# kim fisher



## Melaniedog (6 Juli 2011)

ich bewundere diese frau, auch mit über 40 sieht sie top aus. wie seht ihr das`?


----------



## DER SCHWERE (6 Juli 2011)

stimmt genau:thumbup:​


----------



## tommie3 (7 Juli 2011)

Genauso!


----------



## BlueLynne (7 Juli 2011)

schön, wenn das einer sagt/schreibt:thumbup:


----------



## kurt666 (7 Juli 2011)

Ich finde sie sehr gut!!


----------



## Celebs_fan2011 (7 Juli 2011)

also ick seh nix


----------



## haggy (29 Juli 2011)

thx


----------



## Punisher (16 Aug. 2011)

jo


----------



## Rebell96 (19 Apr. 2012)

richtig


----------



## Gärtner66 (14 Mai 2012)

Also ich hatte das Glück Kim Fisher bis jetzt 3mal live zu sehen und mit ihr zu sprechen.
Total natürlich und witzig. NICHT abgehoben. Schade das sie nicht mehr singt.


----------



## LuigiHallodri (2 Juni 2012)

Celebs_fan2011 schrieb:


> also ick seh nix



rofl3 Über solche Bemerkungen könnt ich mich kaputtlachen!


----------



## TobiasB (2 Juni 2012)

LuigiHallodri schrieb:


> rofl3 Über solche Bemerkungen könnt ich mich kaputtlachen!



Schön für dich nur wenn ich schreibe wie seht ihr das??

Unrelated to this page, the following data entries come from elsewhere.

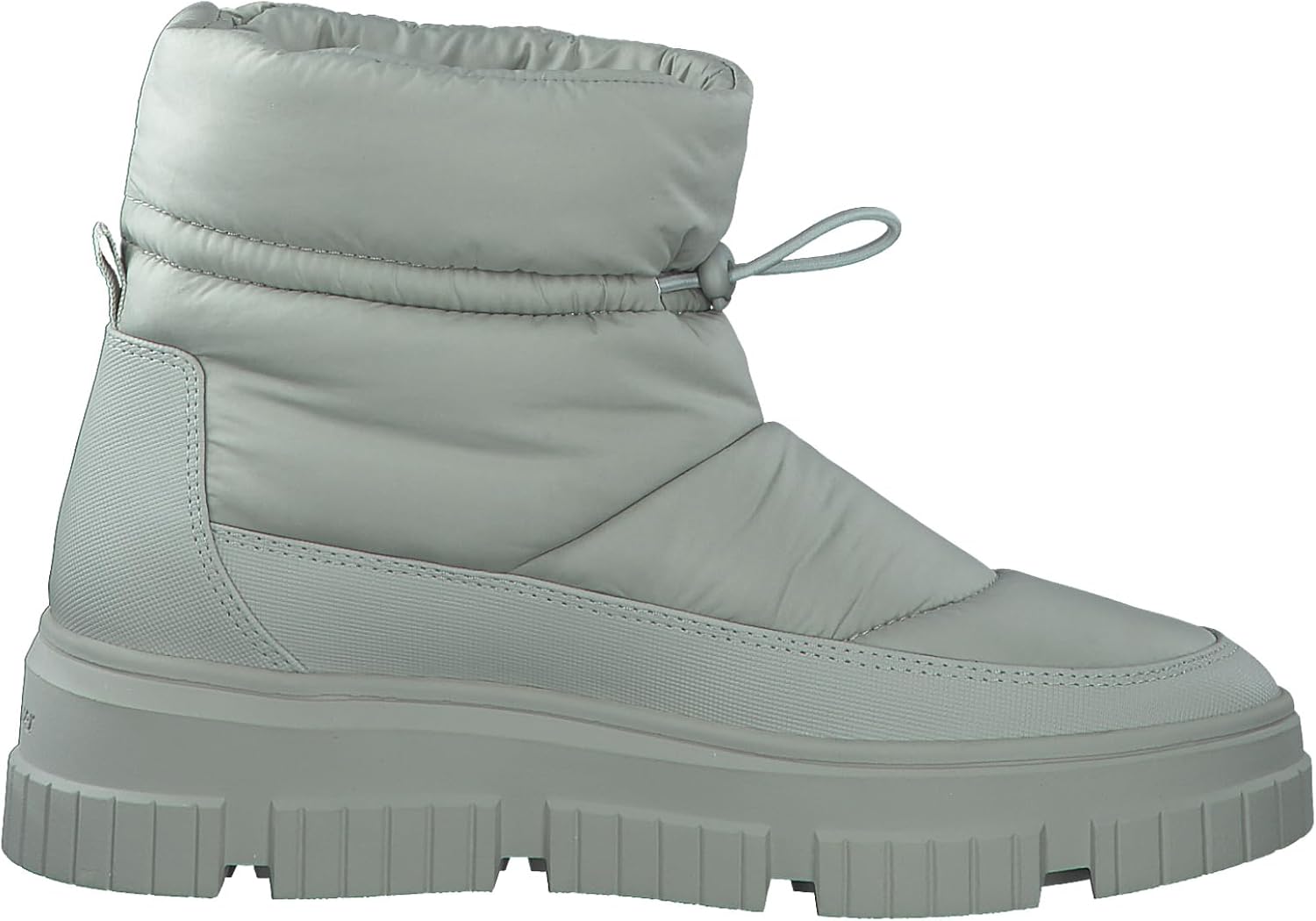 <strong>s.Oliver</strong><br> Женские Winter ботинки Without Heel Lined Platform — изображение 4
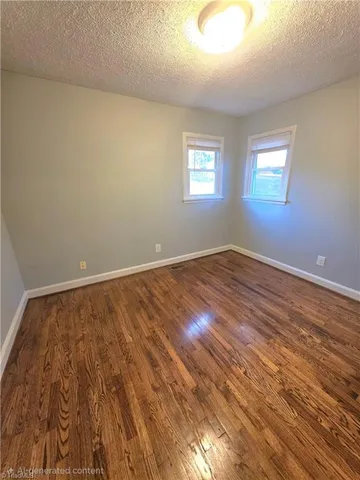 $129,900 | 1313 Rivercrest Drive, Eden, NC 27288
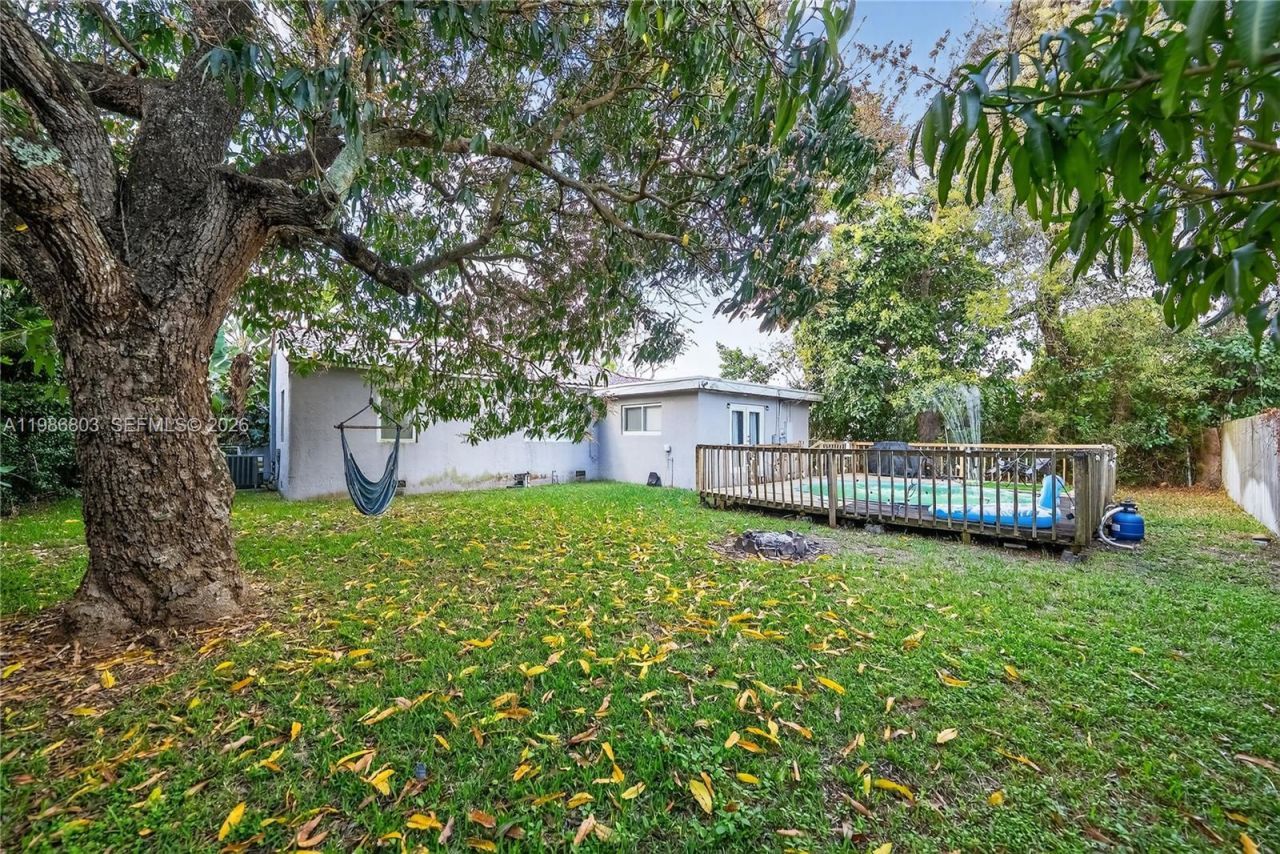 117 NW 102nd St , Miami Shores, FL 33150 Photo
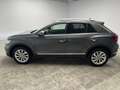 Volkswagen T-Roc 1.5 TSI DSG Style Klima Navi Einparkhilfe Grau - thumbnail 2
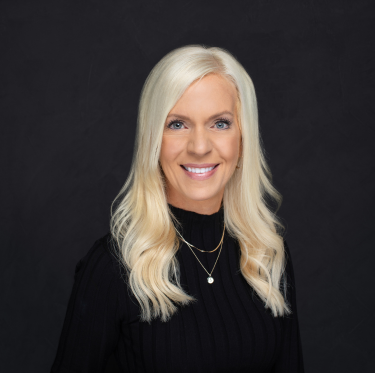 Sandi Erickson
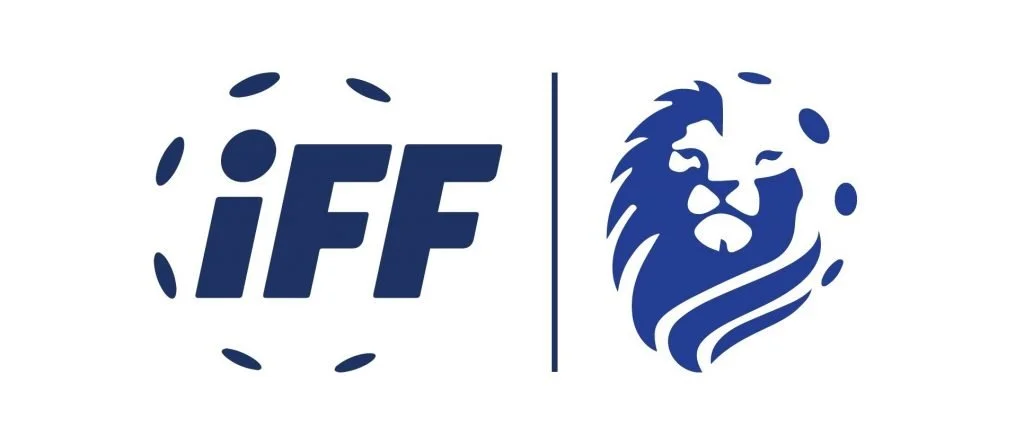 Men’s WFCQ 2022: Team Announced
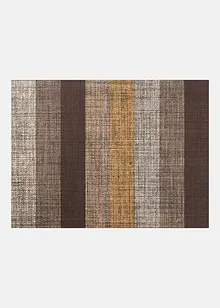 Rohožka v podzimních barvách, bonprix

muss ich auch was zeigen gelle Alter.


----------



## Sarafin (1 Aug. 2012)

Kim wird,wie guter Wein,mit zunehmendem Alter immer besser...Lecker.


----------



## MaMox (25 Sep. 2012)

Sehr attraktive Frau!


----------



## JohnnytheJoker (26 Sep. 2012)

Wirklich sehr heiss die Frau,
mit ihr ist es wie mit einer alten Flasche Wein. Je älter desto besser.


----------



## tamoo24 (11 Okt. 2012)

An Celebs_ fan2011:dann entgeht dir aber was


----------



## Klark (13 Okt. 2012)

bei ihr soll die zeit stehen bleiben , 40


----------



## hordak (13 Okt. 2012)

Eine wirklich tolle Frau und sieht sieht dazu noch Super aus!


----------



## Kira052011 (30 Sep. 2017)

Ich finde sie klasse! Sie singt super und ist eine tolle Entertainerin, habe sie schon mehrmals live erlebt, ich hoffe sie singt wieder mehr und es gibt mal ein neues Album von ihr ...!


----------